The asymmetry also matters. In legal systems, the parties best positioned to draft or shape complex text, including large institutions, trade groups, and well-resourced legal departments, are often also the parties best positioned to navigate it afterward. AI extends more parsing capacity to smaller actors, but it also gives incumbents cheaper drafting assistance.
Generative AI and the Cost of Drafting
Generative AI is already marketed as a drafting assistant for legal work. Thomson Reuters describes use cases that include legal research, brief and memo drafting, contract drafting, and correspondence drafting. LexisNexis describes Lexis+ with Protégé as a legal AI workflow solution for drafting, research, and analysis, with features that include summarization, document analysis, and full-document drafting.
That reduction in drafting cost applies to clarifying language and to complicating it. The same systems that can help compress a contract summary can also help generate longer drafts, more clauses, more variants, and more cross-references.
If drafting friction declines, one practical brake on unnecessary complexity declines with it.
The result is not predetermined.
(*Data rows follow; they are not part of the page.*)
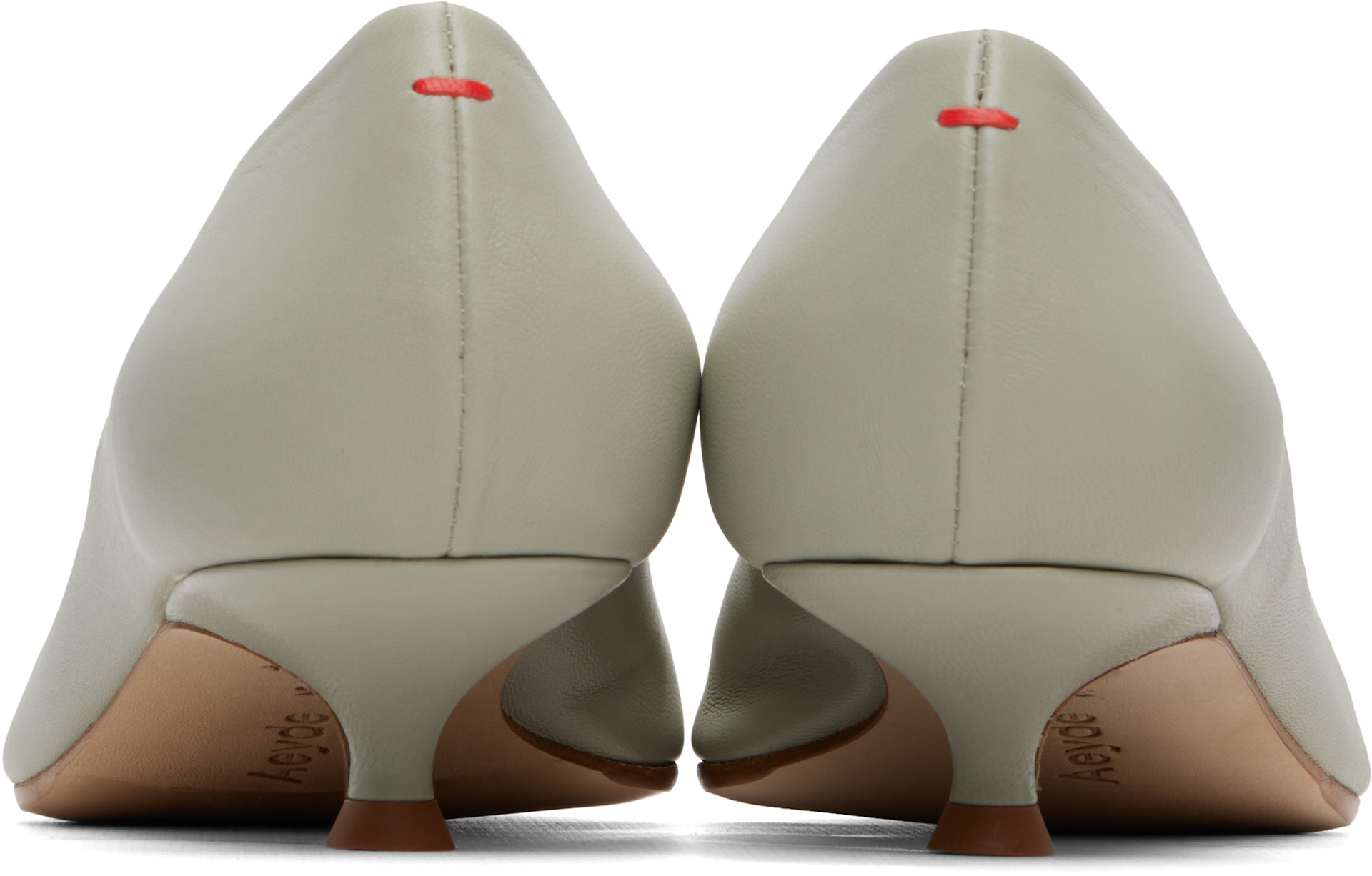 Aeyde - Chaussures à talon Cari grises à bout pointu
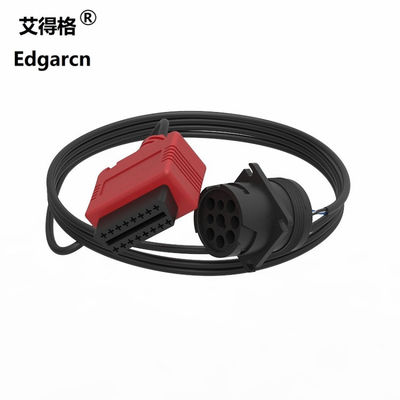 Red Automotive Wiring Harness J1939 9 Pin Deutsch To Obd2 Cable For Truck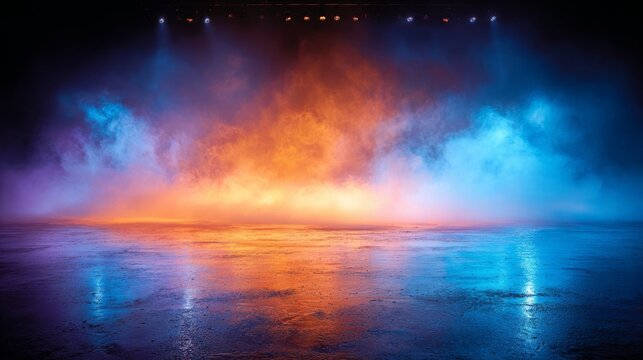 Mystical mist. Swirling smoke in dark and light symphony. Fluid fantasia. Abstract dance of fog and light on the floor with a black background. Panoramic view of the abstract fog.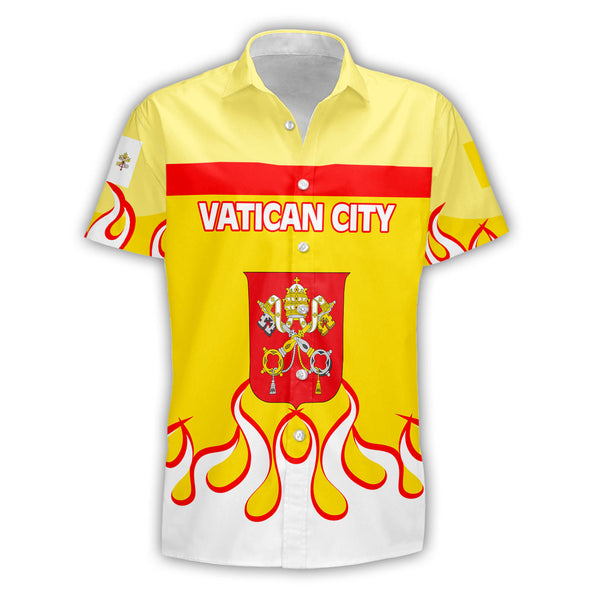 Vatican City Short Sleeve Shirt Flag & Coat Of Arms Fire Hockey Style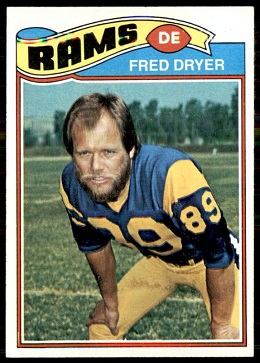 Fred Dryer 1977 Topps football card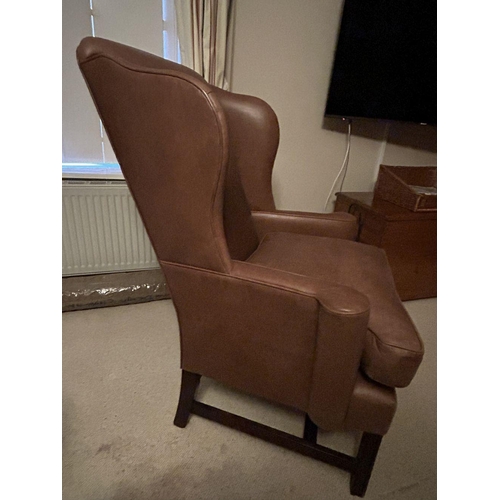 258 - PR HIDE UPHOLSTERED WINGBACK ARMCHAIRS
AI may still improve access on net, especially where the prior baseline was no meaningful assistance at all. But it does mean that improved legibility for readers and increased productive capacity for drafters will arrive together, not sequentially.
Structural Responses
Several categories of response follow from these dynamics. One is better publication infrastructure. FederalRegister.gov already provides machine-readable statistics about page counts and document categories. Extending comparable discipline to how statutes, regulations, amendments, and cross-references are published would make complexity easier to track over time and easier to compare across domains.
A second is clearer drafting. Plain-language requirements are usually discussed in relation to public-facing explanations, but the same concern applies upstream. Where the legal text itself is unnecessarily opaque, readability becomes more than a communications issue; it becomes part of the allocation of practical power inside the regulatory system.
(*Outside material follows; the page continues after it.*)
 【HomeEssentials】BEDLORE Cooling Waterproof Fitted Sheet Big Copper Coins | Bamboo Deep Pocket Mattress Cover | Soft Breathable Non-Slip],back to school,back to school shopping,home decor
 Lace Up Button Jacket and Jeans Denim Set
A third is public-interest legal AI. LSC's figures show that the underlying access problem is already large. Publicly funded legal AI tools, maintained as civic infrastructure rather than sold only as enterprise products, could provide a baseline layer of comprehension for people who currently lack access to counsel.
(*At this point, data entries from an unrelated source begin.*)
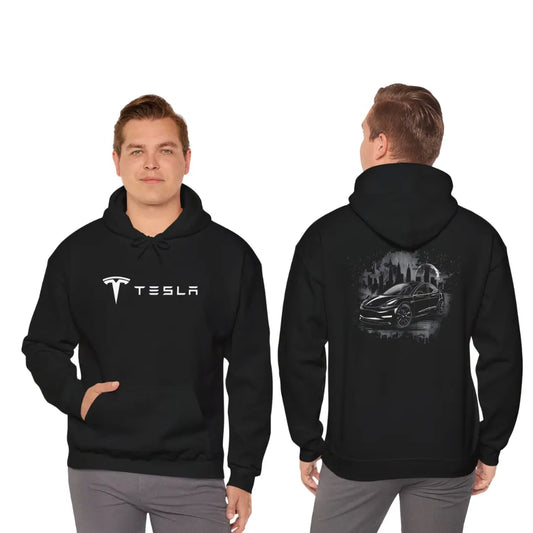 Urban Elegance: Tesla Model 3 Cityscape Black Hoodie - Black Threadz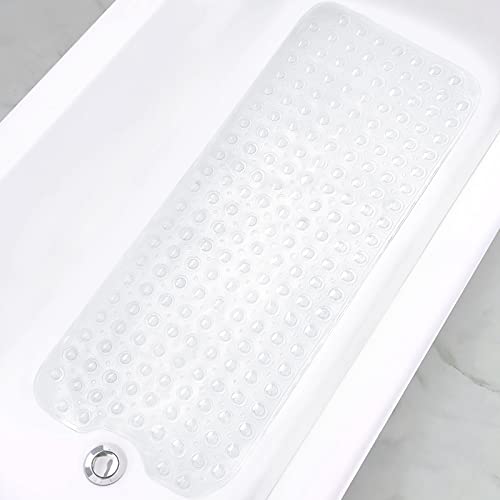 Bathtub and Shower Mats, Extra Long Non-Slip Bath Tub Mat 39 x 16 Inch, Machine Washable Bathmat with Suction Cups & Drain Holes for Bathroom Floor, Clear - color: Clear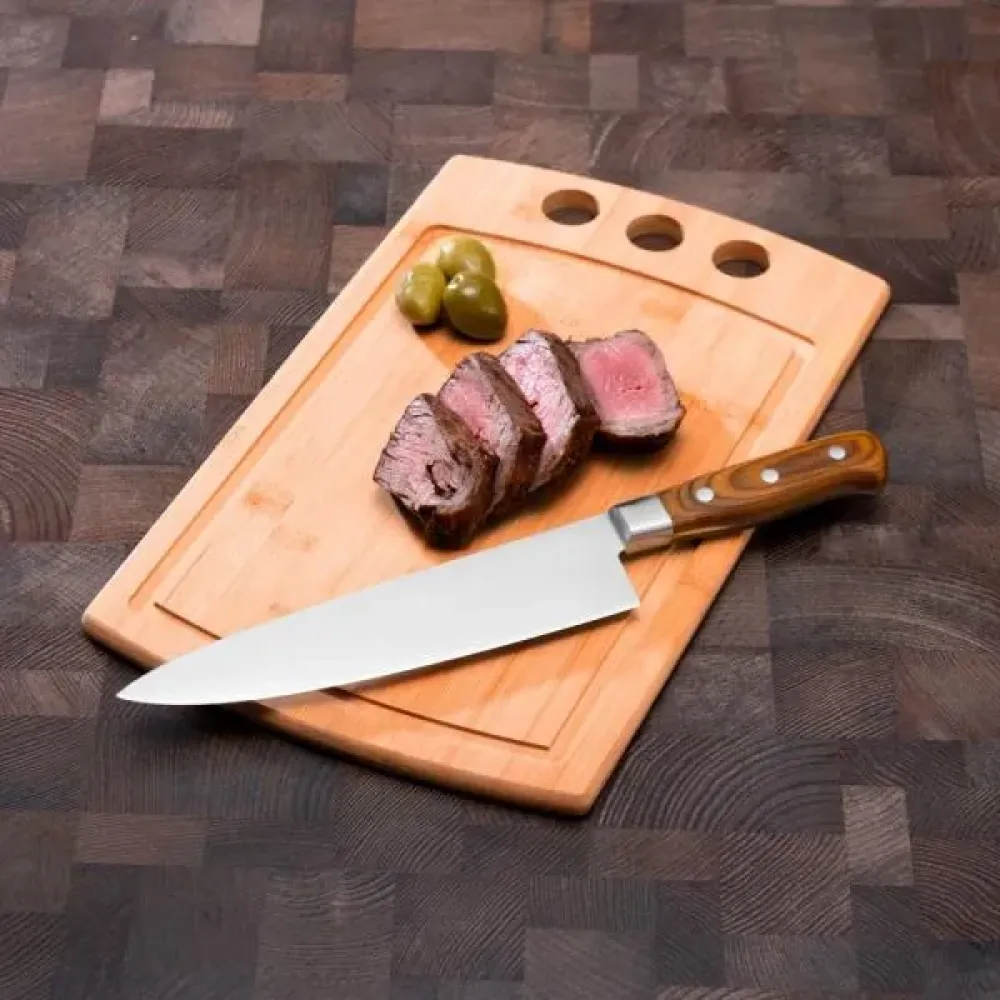 CONJ. PARA CHURRASCO PREMIUM EM BAMBU / MADEIRA / INOX - 2 PÇS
Such tools would not replace professional judgment, but they could lower the threshold for recognizing when professional help is needed.
The present evidence does not support a simple conclusion that AI will either simplify law or make it less accessible. The stronger claim is narrower. The legal system is already large, already difficult to navigate, and already marked by uneven access to expertise.
AI changes that environment in both directions at once: it widens access to interpretation while also reducing the cost of producing additional complexity.
Sources
- Frank Hawkins Kenan Institute of Private Enterprise. "Up to Code: The Costs of Regulation and Regulatory Uncertainty." Kenan Institute, 2024.
- QuantGov / Mercatus Center. "Quantifying Regulation in US States with State RegData 2.0." Mercatus Center at George Mason University, 2020.
- Federal Register. "Reader Aids :: Page Count By Category Statistics." FederalRegister.gov, accessed 2026.
- Legal Services Corporation. "Executive Summary." The Justice Gap Report, accessed 2026.
- Samuel Gibbs. "Chatbot lawyer overturns 160,000 parking tickets in London and New York." The Guardian, 2016.
- U.S. Government Publishing Office. "Dodd-Frank Wall Street Reform and Consumer Protection Act." Public Law 111–203, 2010.
- George J. Stigler. "The Theory of Economic Regulation." Bell Journal of Economics and Management Science, 1971.
- NIST. "SP 800-131A Rev. 3, Transitioning the Use of Cryptographic Algorithms and Key Lengths." National Institute of Standards and Technology, 2024 draft.
- Thomson Reuters. "Generative AI for legal professionals: Top use cases." Thomson Reuters, 2025.
- LexisNexis. "Lexis+ with Protégé | Legal AI Solution for Drafting & Research." LexisNexis, accessed 2026.